#### Information shown
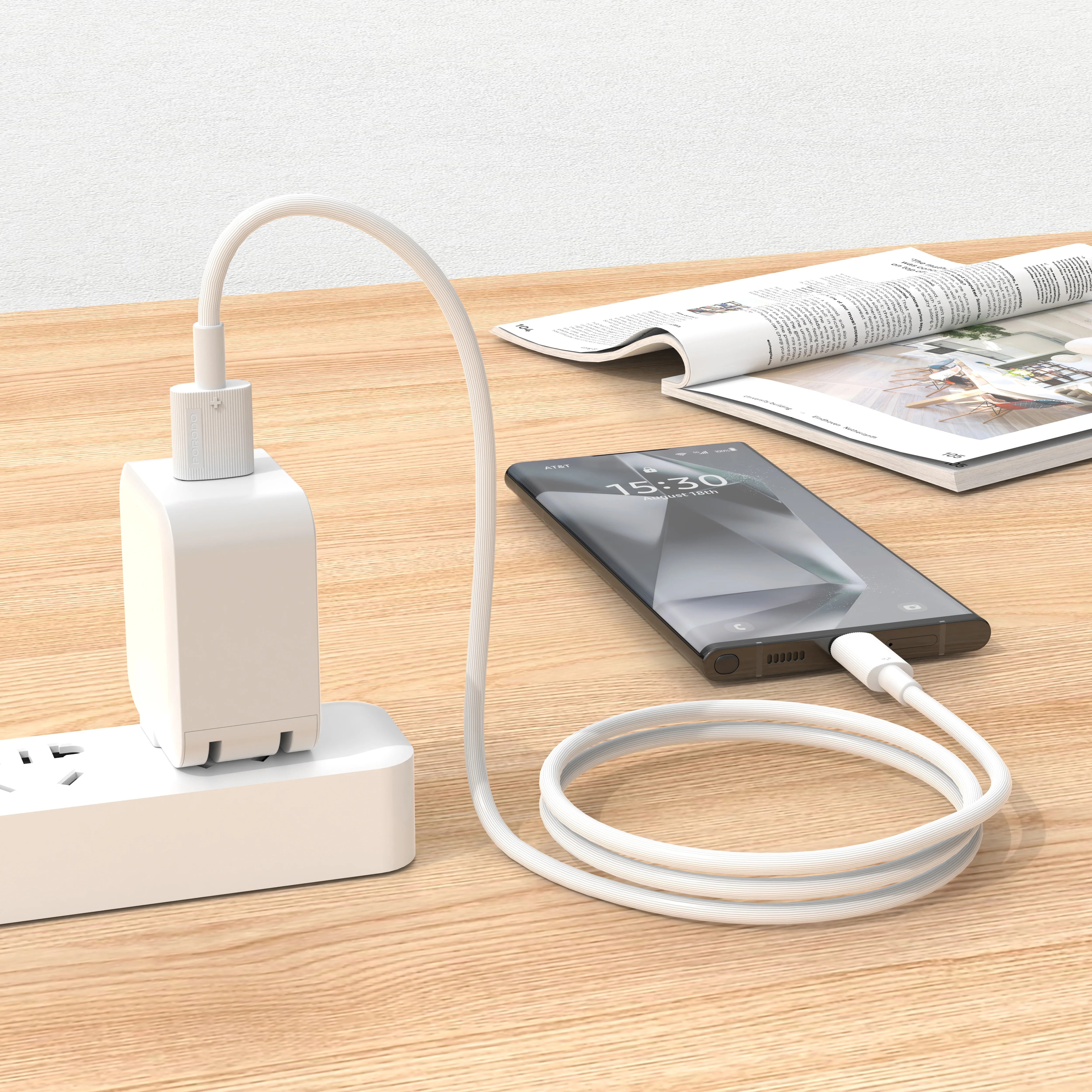 {PDCBL0001WH} Porodo USB A to C PVC Cable 1.2m - White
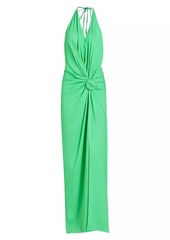 Silvia Tcherassi Jazmin Knotted Halter Maxi Dress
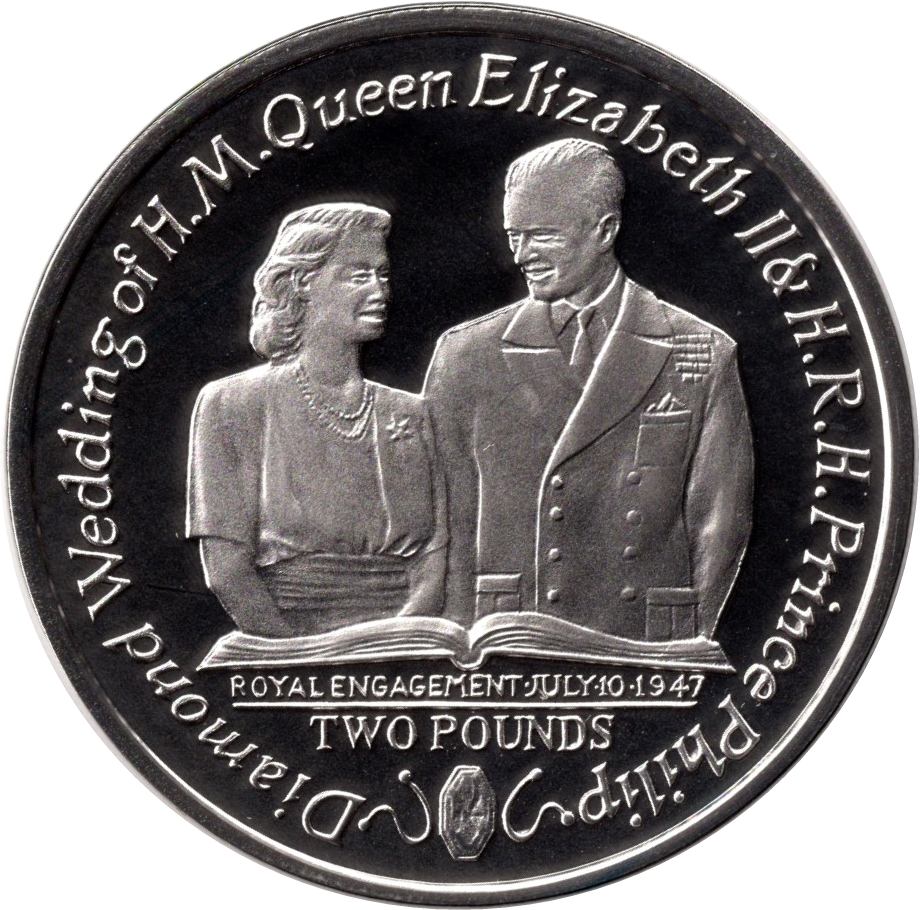 South Georgia and the South Sandwich Islands 2 Pounds - Elizabeth II Diamond Wedding; Silver Proof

#### Work order
The response must restate each line of the material above exactly and contain no images.

#### Solution below
 {PDCBL0001WH} Porodo USB A to C PVC Cable 1.2m - White
 Silvia Tcherassi Jazmin Knotted Halter Maxi Dress
 South Georgia and the South Sandwich Islands 2 Pounds - Elizabeth II Diamond Wedding; Silver Proof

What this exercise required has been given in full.